=== ASSIGNMENT ===
Pictures are to be left out. Return exactly the lines below from the one with "Naturhotel Chesa Valisa Hotel 4*" up to and including the one with "Медицинское оборудование 7".

=== DATA SUPPLIED ===
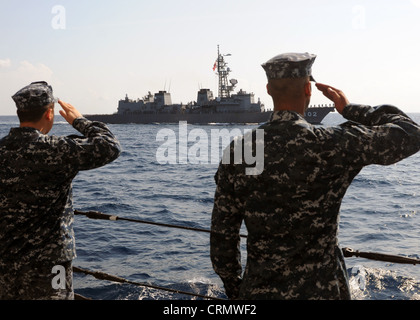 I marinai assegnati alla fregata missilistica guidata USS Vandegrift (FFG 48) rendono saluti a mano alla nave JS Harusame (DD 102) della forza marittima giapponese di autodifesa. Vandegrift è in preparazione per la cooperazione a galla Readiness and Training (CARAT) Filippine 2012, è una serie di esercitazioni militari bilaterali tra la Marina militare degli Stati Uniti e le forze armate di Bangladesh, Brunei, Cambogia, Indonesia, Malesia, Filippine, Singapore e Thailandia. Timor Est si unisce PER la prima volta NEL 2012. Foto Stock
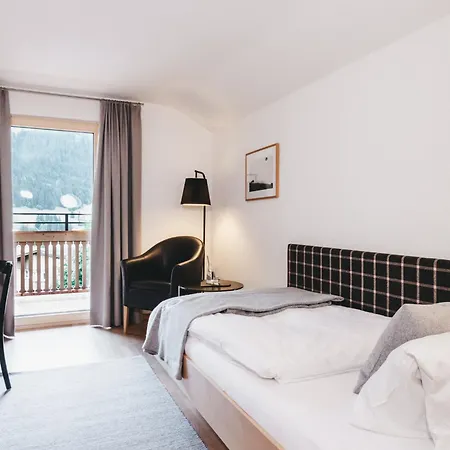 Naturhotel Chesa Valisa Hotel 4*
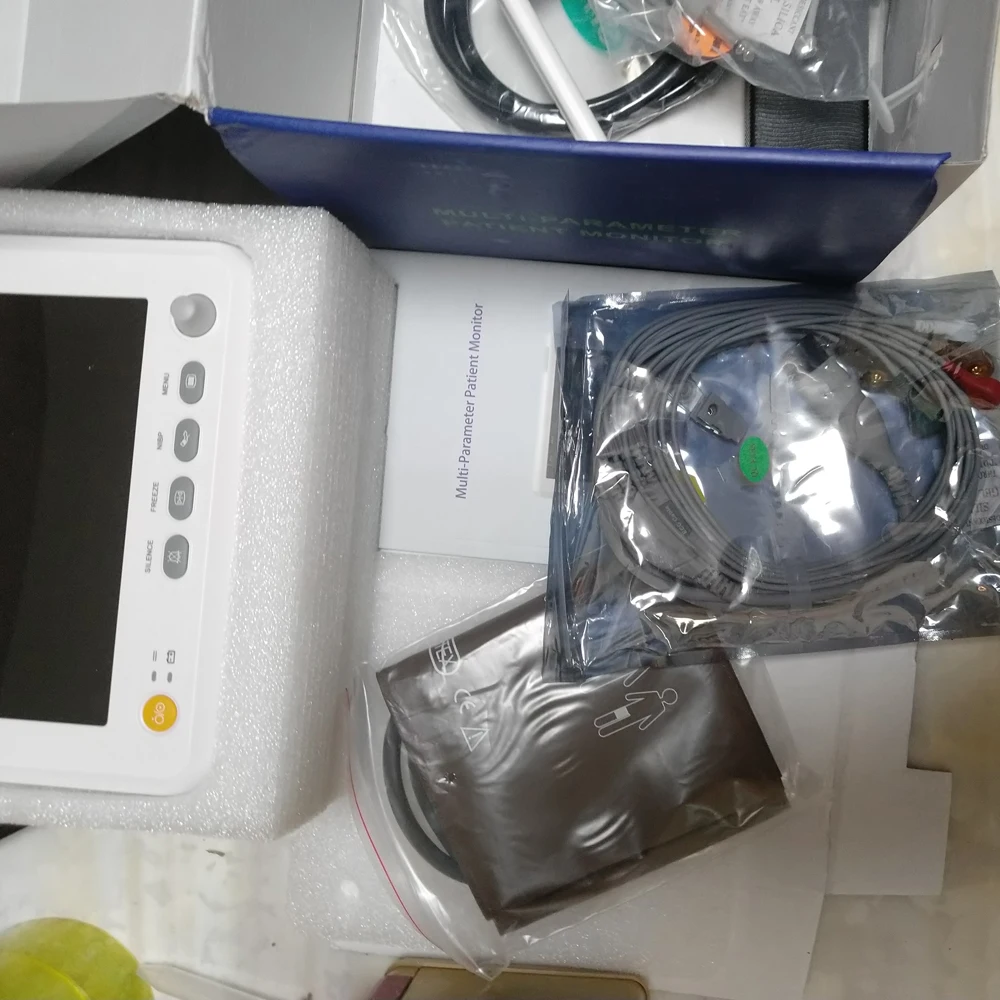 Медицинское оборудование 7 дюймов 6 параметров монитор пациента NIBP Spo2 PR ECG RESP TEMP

--

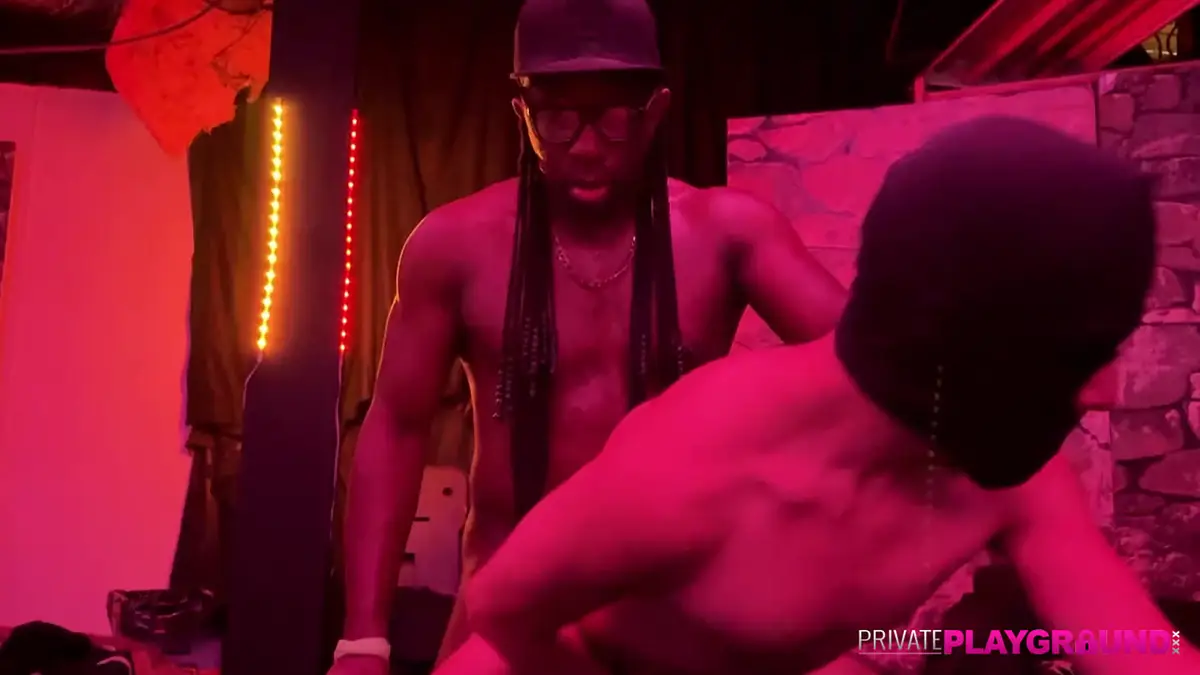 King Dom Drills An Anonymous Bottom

--

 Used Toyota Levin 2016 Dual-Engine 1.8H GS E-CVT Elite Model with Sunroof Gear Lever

=== ANSWER TO THE PROBLEM ===
 Naturhotel Chesa Valisa Hotel 4*
 Медицинское оборудование 7 дюймов 6 параметров монитор пациента NIBP Spo2 PR ECG RESP TEMP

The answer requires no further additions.